Posteriormente, caso elas conseguissem desestimular a criação de empresas nacionais a serem formadas pelos Terminais ou por terceiros interessados, os seus preços voltariam a subir rapidamente. Uma estratégia inteligente, que infelizmente os nossos governos até o momento não adotaram, é o país deixar de ser refém dessa desconfortável situação, abandonando essa politica de estreita visão que é a de se preocupar apenas com formalidades, burocracias e preços teoricamente baixos. O maior custo é sempre o da dependência, que gera subserviência. Um País com 8.200 km de costa marítima não pode ficar refém de dragas estrangeiras controladas por empresas privadas internacionais. Nenhuma Dragagem é ambientalmente sustentável se não houver controle do Governo por pelo menos parte da frota nacional de dragagem. Portanto, essa discussão exige uma abordagem mais profunda e mais ampla da questão, envolvendo o governo e os terminais interessados, mas certamente com a participação da inteligência estratégica do país.
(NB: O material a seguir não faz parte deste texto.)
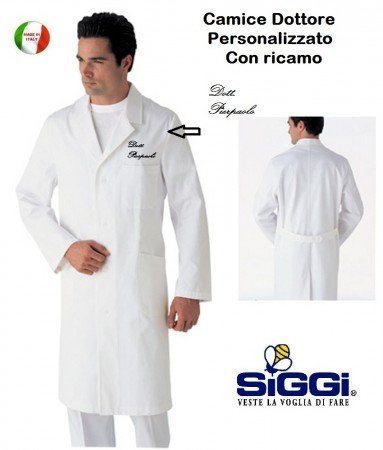 Camice Professionale Dottore Siggi Bianco Personalizzabile STELVIO Art.16CA022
Portogente - O senhor propõe que os terminais formem, de maneira cooperativa, empresas para dragar os portos que utilizam. Uma vez que as operações de dragagem seriam dos terminais para os próprios terminais, essa é uma proposta de autogestão?
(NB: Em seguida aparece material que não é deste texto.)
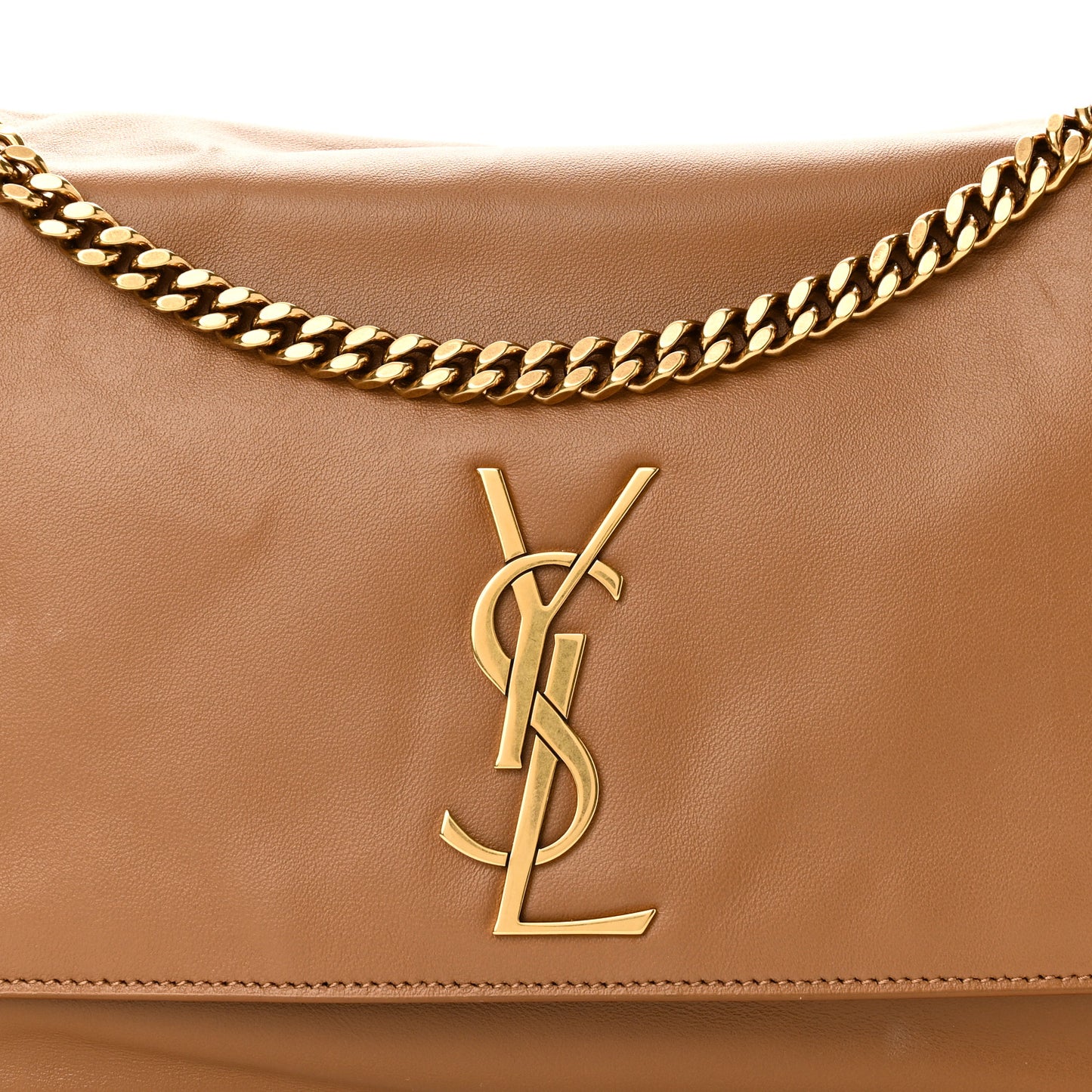 Smooth Calfskin Suede Medium Reversible Monogram Kate Satchel Light Ochre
Ricardo Sudaiha - Os terminais ou outras empresas poderiam, seja através de seus acionistas, ou em condomínio ou cooperativa, formar empresas de dragagem que visassem competitividade e lucro, sem obrigação do ''Chico trabalhar para o Francisco''. Não se deve esperar de inicio preços baixos, mas sim o controle de uma parcela do mercado, especialmente nas obras inferiores a 10 milhões de dólares, pelas novas empresas de dragagem a serem formadas.
Resumindo, a solução que propomos é: O governo e o Congresso criariam ferramentas legais para disponibilizar os recursos da taxa portuária, para contratação e gestão de dragagem através dos terminais privados. Os terminais ou outros interessados criariam empresas de dragagem para absorverem aproximadamente 30% do mercado nacional. As licitações com dragas estrangeiras se limitariam a 50% do volume de trabalho, já sabendo que, a princípio, elas teriam um custo menor do que a das empresas nacionais. O Governo manteria 10 a 15 % do mercado, formando uma empresa de especifico cunho estratégico para formar e treinar tripulação de dragagem, com pequena frota própria de dragas a serem adquiridas, e suprir os eventuais vazios do mercado em portos de baixa viabilidade econômica ou de interesse publico.
Esse modelo se aproxima do adotado nos EUA, e pode ser desenvolvido rapidamente desde que a Casa Civil da Presidência e os terminais privados se unam para esse fim. É plenamente viável que em um prazo inferior a seis meses já tivéssemos dragas nacionais operando no país. Aliais é uma grande oportunidade para o novo Governo Temer demonstrar publicamente a sua audácia para desentravar nossos portos - principal meio para escoar nossas safras e commodities - e resgatar o déficit púbico nacional de 170 bilhões de reais por ano.